Illustration in the transport sector: In their paper on Anonymization of Data from Field Operational Tests , Y. Barnard et al. discuss the use of anonymisation and other data processing techniques to strip logs of personal and confidential information in order to encourage data sharing for transport research and innovation projects, with a particular focus on field operational tests ("FOTs"). FOTs involve the collection of large amounts of data to study driving behaviour interacting with intelligent transport systems ("ITS"), including cooperative intelligent transport systems ("C-ITS") and automated vehicles. The data gathered in such context may be personal, commercial, and/or research sensitive. Y. Barnard et al. therefore advocate the use of anonymisation techniques, while pointing out the potential risk of losing essential information in the process. According to them, an effective anonymisation technique, preserving however research essential information, would facilitate the access to and re-use of valuable data.

Conclusion

Anonymisation and pseudonymisation techniques generally provide fertile ground for opportunities with respect to big data applications, including in the transport sector. In this respect, it shall be noted that the use of anonymisation is specifically encouraged by Recital 13 of the ITS Directive[38] as "one of the principles of enhancing individuals' privacy". In addition, this article explored the possibility of applying anonymisation and pseudonymisation techniques to non-personal information.

Nevertheless, account must be taken of the challenges that may arise in this respect.

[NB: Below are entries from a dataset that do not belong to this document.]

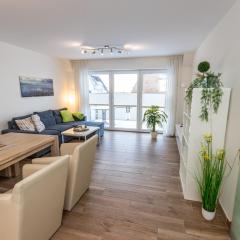 Ferienwohnung Deichstern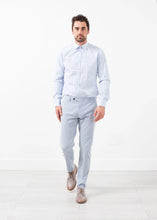 Load image into Gallery viewer, David Shirt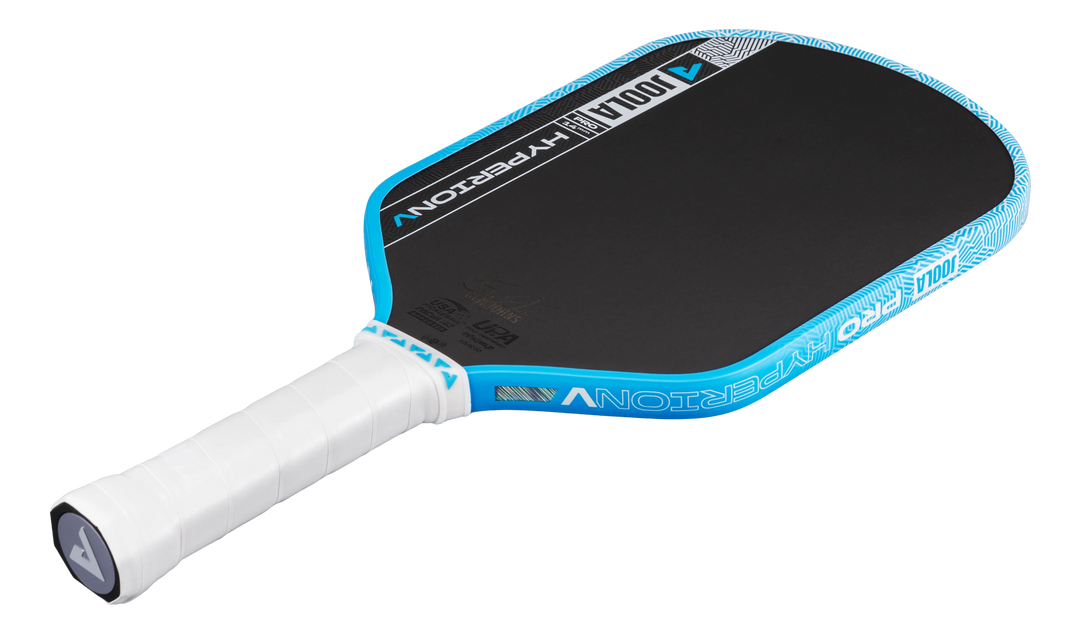 Joola Hyperion Pro V 14mm Pickleball Paddle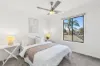 6/41A Settlement Road, Belmont, Vic 3216-Image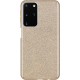 Back Cover Σιλικόνης Κίτρινο (Samsung Galaxy S11 plus) Back Cover Σιλικόνης Κίτρινο (Samsung Galaxy S11 plus)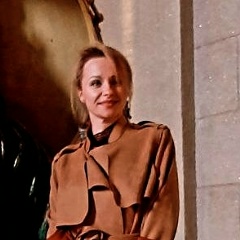 Татьяна Драбушевич, 23.08, Минск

Most importantly, a balance will need to be struck between, on the one hand, the aspired level of anonymisation (and its legal consequences) and, on the other hand, the desired level of predictability and utility of the big data analytics.

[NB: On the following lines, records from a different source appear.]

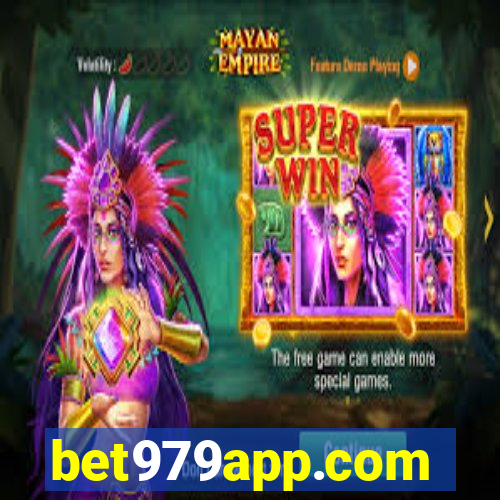 bet979app.com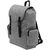 Rucksack DONEGAL S (Bild 1)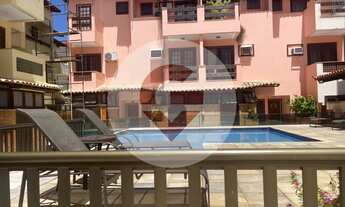 Imagem 2: CASA RESIDENCIAL em RIO DE JANEIRO - RJ, RECREIO DOS BANDEIRANTES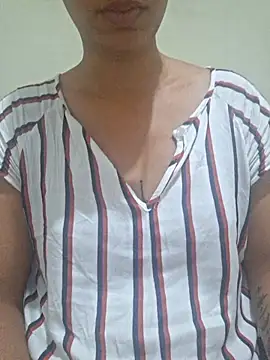 RavenShyfit online show from 11.22.25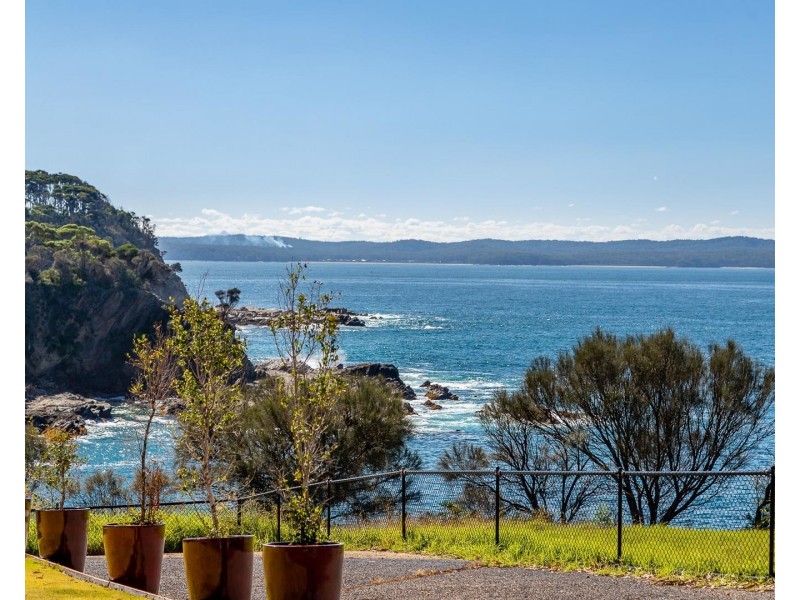94 Yugura Street, Malua Bay NSW 2536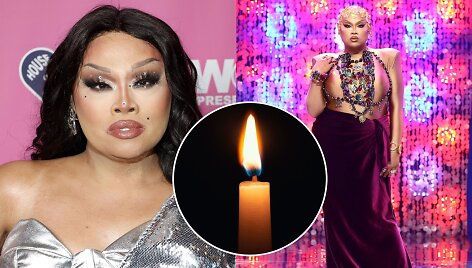 Jiggly Caliente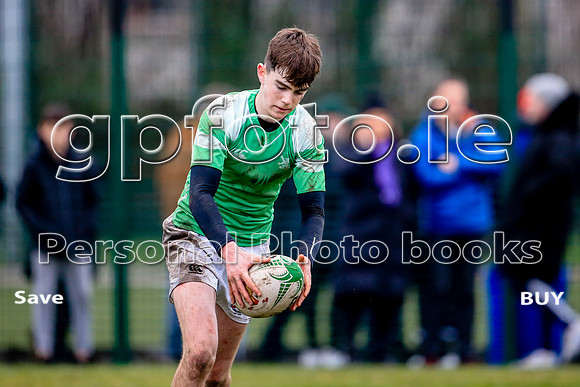 15-01-2022-SWYL6235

Illustration in the transport sector: The CabAnon Project run by the 'Laboratoire d'Innovation Numérique de la CNIL' ("LINC") aims to assess the utility of properly anonymised data. For this purpose, the LINC team analyses records of taxi rides in New York City. While recognising that anonymisation entails a certain loss of information and, hence, a loss in terms of accuracy and utility, LINC aims to quantify such loss. It notably looked at the NYC taxi dataset's utility with respect to the following applications: (i) allowing taxi users to identify spots in their vicinity where they are likely to quickly find a taxi using density of traffic; (ii) allowing city planners to conceive other solutions to organise mobility based on the number of passengers per taxi; (iii) allowing people to determine the best moments to commute and city planners to identify places with traffic congestion on the basis of traffic speed; and (iv) providing insights to city planners on how people move through the city and how to improve public transportation based on the direction of traffic. LINC's first results showed that exploitable results could be achieved with a rather coarse but robust anonymisation approach.

It follows from the foregoing that, as such, anonymisation and pseudonymisation techniques and their legal consequences are desirable concepts in the big data analytics lifecycle, including in the transport sector. However, a better alignment is needed between the legal and technical interpretations of those concepts, so that legal and technical professionals may share a common understanding on the consequences of the use of such techniques.

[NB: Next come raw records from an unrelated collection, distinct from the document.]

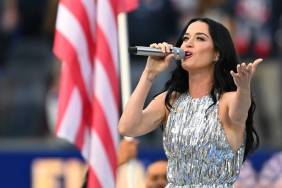 Katy Perry Opens Up About Darkest Days After Orlando Bloom Split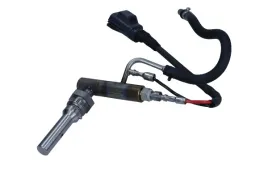 oe-ford-swieca-zarowa-do-dpf-ford
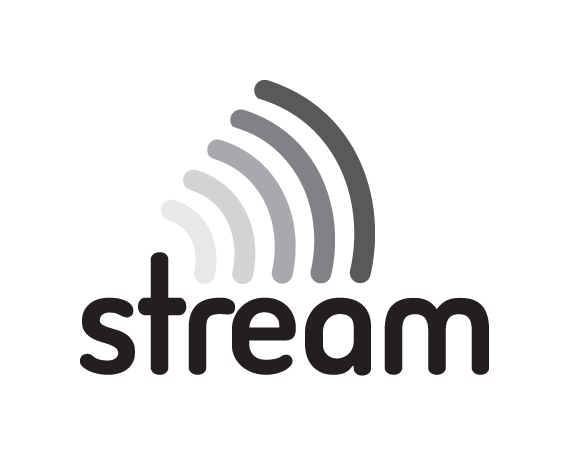 Google Stream Logo - Stream Technologies Ltd > KTP Scotland
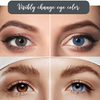EyeCatcher™ Iris Color-Change Eye Drops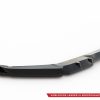 BMW X6 Pack M G06 / X6 M F96 - Kit Lâminas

Additionally, the creation of codes of conduct and similar initiatives is indispensable to support stakeholders in assessing the risk of re-identification. Such initiatives should be further developed throughout the EU, including in the transport sector.

Finally, a wider and better uptake of anonymisation and pseudonymisation techniques should be encouraged, not only in the field of personal data protection, but also with respect to non-personal information requiring or meriting protection (e.g. trade secrets), in light of the advantages of those techniques discussed in this article. To this end, investment in terms of both time and money should be made to further research, elaborate, and increase the robustness of such techniques, taking into consideration their possible concrete application to different types of data.